▶ _Exercise aim_: Look for the string "Building" in the data below, and copy each line that holds it.

▶ _Information given_:

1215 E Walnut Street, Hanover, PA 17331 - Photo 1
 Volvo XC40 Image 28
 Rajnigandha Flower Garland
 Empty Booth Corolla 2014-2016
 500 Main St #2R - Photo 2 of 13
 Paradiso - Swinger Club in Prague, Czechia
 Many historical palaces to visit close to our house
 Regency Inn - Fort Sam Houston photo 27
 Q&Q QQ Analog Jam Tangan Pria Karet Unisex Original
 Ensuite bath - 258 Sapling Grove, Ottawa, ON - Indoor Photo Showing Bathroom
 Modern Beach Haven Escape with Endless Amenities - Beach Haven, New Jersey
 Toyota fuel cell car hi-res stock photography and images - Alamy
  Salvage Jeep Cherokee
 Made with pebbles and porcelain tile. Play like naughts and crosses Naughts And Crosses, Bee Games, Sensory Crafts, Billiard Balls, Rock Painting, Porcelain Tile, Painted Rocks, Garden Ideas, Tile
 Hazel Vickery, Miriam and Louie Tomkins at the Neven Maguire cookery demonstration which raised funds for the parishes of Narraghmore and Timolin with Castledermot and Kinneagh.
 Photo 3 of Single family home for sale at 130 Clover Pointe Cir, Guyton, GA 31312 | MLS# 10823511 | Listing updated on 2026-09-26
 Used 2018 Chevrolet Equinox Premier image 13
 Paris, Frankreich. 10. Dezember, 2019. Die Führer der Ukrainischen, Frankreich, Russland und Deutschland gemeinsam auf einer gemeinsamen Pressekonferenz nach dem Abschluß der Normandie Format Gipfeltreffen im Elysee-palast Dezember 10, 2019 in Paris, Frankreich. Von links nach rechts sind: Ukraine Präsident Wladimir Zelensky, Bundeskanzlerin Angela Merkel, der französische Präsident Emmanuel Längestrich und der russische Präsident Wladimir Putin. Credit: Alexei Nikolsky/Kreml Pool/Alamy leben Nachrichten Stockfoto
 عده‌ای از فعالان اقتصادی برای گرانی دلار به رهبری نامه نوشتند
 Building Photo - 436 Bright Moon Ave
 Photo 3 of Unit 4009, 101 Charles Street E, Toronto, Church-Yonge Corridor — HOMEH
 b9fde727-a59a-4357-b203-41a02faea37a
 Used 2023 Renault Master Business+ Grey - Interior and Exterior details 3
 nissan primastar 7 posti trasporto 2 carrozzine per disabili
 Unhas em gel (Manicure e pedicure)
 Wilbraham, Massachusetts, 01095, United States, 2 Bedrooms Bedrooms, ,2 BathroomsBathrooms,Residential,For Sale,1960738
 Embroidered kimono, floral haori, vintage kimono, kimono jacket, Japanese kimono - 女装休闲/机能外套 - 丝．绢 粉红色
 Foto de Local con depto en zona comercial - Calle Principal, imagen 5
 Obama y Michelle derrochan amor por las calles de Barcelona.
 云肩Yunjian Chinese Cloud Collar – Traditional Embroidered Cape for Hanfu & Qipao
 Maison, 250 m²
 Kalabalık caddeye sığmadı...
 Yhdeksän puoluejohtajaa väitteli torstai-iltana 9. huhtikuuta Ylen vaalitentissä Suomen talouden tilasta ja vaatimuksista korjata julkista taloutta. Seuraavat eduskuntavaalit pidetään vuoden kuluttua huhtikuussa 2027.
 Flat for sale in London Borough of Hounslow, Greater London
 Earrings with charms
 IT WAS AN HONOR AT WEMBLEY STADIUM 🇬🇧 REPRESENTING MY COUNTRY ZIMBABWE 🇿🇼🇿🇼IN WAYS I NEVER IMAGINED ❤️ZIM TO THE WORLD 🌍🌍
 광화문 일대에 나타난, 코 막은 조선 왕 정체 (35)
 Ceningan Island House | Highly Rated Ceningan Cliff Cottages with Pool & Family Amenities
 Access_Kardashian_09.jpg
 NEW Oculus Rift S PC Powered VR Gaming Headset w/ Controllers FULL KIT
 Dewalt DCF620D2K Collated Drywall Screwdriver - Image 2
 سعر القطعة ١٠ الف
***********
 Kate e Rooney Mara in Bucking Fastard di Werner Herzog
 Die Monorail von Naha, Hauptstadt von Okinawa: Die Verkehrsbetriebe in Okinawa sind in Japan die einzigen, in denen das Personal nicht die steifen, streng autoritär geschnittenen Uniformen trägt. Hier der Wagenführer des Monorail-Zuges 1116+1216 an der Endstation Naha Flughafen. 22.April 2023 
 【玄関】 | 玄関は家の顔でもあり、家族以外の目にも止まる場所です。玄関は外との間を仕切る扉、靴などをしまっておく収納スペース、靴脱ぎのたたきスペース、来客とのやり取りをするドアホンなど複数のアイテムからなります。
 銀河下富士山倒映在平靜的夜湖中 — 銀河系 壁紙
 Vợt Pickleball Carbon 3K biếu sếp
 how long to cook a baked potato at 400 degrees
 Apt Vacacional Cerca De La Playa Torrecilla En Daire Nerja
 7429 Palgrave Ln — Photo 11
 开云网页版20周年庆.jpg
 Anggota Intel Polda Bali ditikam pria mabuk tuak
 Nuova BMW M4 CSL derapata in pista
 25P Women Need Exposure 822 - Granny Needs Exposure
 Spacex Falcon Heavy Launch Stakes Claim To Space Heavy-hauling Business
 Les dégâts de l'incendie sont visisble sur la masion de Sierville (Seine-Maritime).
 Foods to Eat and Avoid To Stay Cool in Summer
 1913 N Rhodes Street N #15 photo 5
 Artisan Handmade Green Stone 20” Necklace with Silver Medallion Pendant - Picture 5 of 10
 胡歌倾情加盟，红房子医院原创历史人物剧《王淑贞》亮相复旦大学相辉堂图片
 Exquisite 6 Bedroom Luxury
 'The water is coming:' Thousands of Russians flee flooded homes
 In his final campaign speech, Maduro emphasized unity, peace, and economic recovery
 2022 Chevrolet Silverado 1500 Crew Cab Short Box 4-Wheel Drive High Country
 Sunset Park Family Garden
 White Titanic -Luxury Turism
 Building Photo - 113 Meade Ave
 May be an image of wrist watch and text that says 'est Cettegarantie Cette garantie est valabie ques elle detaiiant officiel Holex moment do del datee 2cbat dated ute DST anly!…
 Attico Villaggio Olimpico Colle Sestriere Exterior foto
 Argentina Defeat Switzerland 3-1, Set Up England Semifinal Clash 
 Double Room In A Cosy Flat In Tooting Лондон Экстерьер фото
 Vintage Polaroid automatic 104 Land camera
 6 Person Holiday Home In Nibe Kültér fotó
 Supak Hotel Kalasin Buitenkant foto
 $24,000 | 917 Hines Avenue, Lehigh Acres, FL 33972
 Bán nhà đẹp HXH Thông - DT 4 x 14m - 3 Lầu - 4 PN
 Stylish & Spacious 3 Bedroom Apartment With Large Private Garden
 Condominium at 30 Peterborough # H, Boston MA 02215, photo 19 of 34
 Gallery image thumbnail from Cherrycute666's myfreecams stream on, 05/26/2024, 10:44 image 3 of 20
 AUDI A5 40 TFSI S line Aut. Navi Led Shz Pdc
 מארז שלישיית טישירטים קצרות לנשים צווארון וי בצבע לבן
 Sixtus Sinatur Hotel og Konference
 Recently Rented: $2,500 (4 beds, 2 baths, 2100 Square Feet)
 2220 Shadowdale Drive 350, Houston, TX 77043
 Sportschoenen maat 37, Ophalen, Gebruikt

▶ _Response area_:
 Building Photo - 436 Bright Moon Ave
 Building Photo - 113 Meade Ave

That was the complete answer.